Stockbit membaca harga batu bara justru cenderung resilient dan bertahan di kisaran USD130–135 per ton pada 2024-2025. Estimasi ini disebut dapat mendongkrak laba emiten-emiten coal tumbuh 5-30 persen.
Analisa ini didasarkan pada proyeksi International Energy Agency (IEA) bahwa penurunan permintaan disertai juga dengan penurunan produksi, sehingga membangun resiliensi harga batu bara.
Data IEA mencatat konsumsi batu bara diprediksi akan menurun dengan rata-rata pertumbuhan tahunan (CAGR) sebesar -0,8 persen pada 2023–2026. Pada periode yang sama, produksi batu bara juga diprediksi akan turun dengan CAGR -1,3 persen.

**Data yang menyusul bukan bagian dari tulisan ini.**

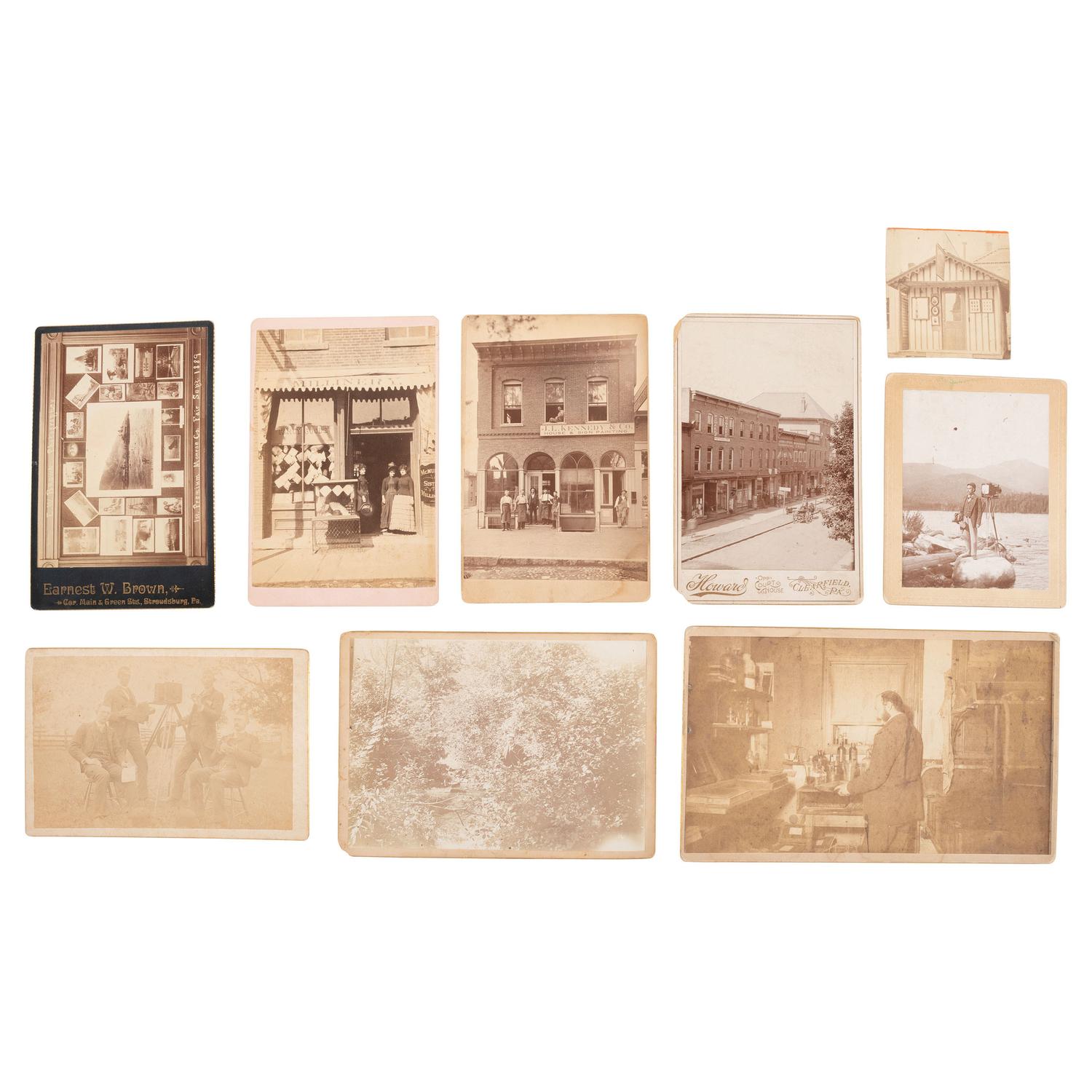 [Early Photography] Group of 14 Images with Photographic Interest, incl. Gallery Storefronts and Darkrooms.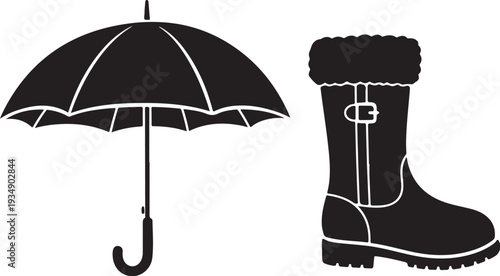 Black Silhouette of Umbrella and Rain Boot Vector Graphic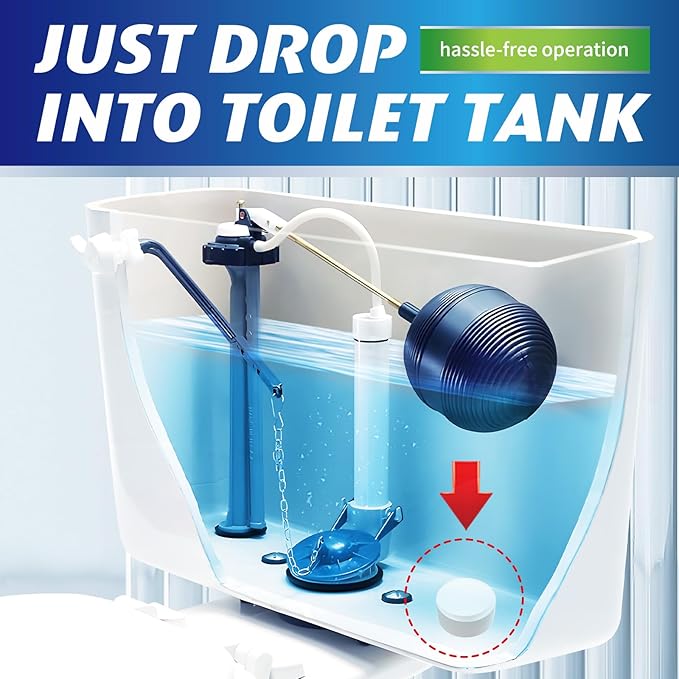 Toilet Bowl Cleaner Tablets - 40 PCS Automatic Bleach Toilet Cleaner Tablets, Slow-Releasing Deodorizing & Descaling, Powerful Bathroom Tank Cleaner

Permintaan batu bara dipandang masih akan tetap tinggi, didorong oleh meningkatnya permintaan pada negara-negara berkembang seperti India dan Asia Tenggara. “Sehingga mendukung pertumbuhan ekonomi mereka yang relatif kencang,” tulis IEA.
Lebih jauh, peningkatan permintaan dari negara berkembang juga disebut akan mengkompensasi penurunan permintaan dari negara-negara maju, seperti AS dan Eropa.